[Extracted data entries]

»»

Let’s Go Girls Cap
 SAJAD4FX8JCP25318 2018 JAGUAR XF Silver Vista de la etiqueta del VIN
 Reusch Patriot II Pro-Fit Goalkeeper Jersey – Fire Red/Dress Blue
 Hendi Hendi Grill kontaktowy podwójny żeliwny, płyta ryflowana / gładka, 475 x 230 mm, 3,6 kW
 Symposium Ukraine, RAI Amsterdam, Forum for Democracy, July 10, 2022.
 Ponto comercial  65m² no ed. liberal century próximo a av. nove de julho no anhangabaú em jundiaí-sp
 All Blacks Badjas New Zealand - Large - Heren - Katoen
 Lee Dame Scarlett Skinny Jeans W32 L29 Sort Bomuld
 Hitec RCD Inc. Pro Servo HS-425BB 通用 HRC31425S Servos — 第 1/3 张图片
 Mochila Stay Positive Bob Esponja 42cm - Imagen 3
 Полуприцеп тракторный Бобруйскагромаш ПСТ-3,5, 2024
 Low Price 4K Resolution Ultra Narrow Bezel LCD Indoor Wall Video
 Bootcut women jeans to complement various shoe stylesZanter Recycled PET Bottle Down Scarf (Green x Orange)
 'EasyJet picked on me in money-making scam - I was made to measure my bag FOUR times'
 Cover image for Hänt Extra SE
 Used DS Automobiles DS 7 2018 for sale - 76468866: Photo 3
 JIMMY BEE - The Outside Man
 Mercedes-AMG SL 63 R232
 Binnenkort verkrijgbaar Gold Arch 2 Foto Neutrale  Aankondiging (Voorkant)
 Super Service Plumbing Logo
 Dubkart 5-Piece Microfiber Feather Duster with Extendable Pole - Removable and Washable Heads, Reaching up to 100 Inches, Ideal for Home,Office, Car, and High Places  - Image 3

««

Transcribe the data in full, keeping every detail.

Let’s Go Girls Cap
 SAJAD4FX8JCP25318 2018 JAGUAR XF Silver Vista de la etiqueta del VIN
 Reusch Patriot II Pro-Fit Goalkeeper Jersey – Fire Red/Dress Blue
 Hendi Hendi Grill kontaktowy podwójny żeliwny, płyta ryflowana / gładka, 475 x 230 mm, 3,6 kW
 Symposium Ukraine, RAI Amsterdam, Forum for Democracy, July 10, 2022.
 Ponto comercial  65m² no ed. liberal century próximo a av. nove de julho no anhangabaú em jundiaí-sp
 All Blacks Badjas New Zealand - Large - Heren - Katoen
 Lee Dame Scarlett Skinny Jeans W32 L29 Sort Bomuld
 Hitec RCD Inc. Pro Servo HS-425BB 通用 HRC31425S Servos — 第 1/3 张图片
 Mochila Stay Positive Bob Esponja 42cm - Imagen 3
 Полуприцеп тракторный Бобруйскагромаш ПСТ-3,5, 2024
 Low Price 4K Resolution Ultra Narrow Bezel LCD Indoor Wall Video
 Bootcut women jeans to complement various shoe stylesZanter Recycled PET Bottle Down Scarf (Green x Orange)
 'EasyJet picked on me in money-making scam - I was made to measure my bag FOUR times'
 Cover image for Hänt Extra SE
 Used DS Automobiles DS 7 2018 for sale - 76468866: Photo 3
 JIMMY BEE - The Outside Man
 Mercedes-AMG SL 63 R232
 Binnenkort verkrijgbaar Gold Arch 2 Foto Neutrale  Aankondiging (Voorkant)
 Super Service Plumbing Logo
 Dubkart 5-Piece Microfiber Feather Duster with Extendable Pole - Removable and Washable Heads, Reaching up to 100 Inches, Ideal for Home,Office, Car, and High Places  - Image 3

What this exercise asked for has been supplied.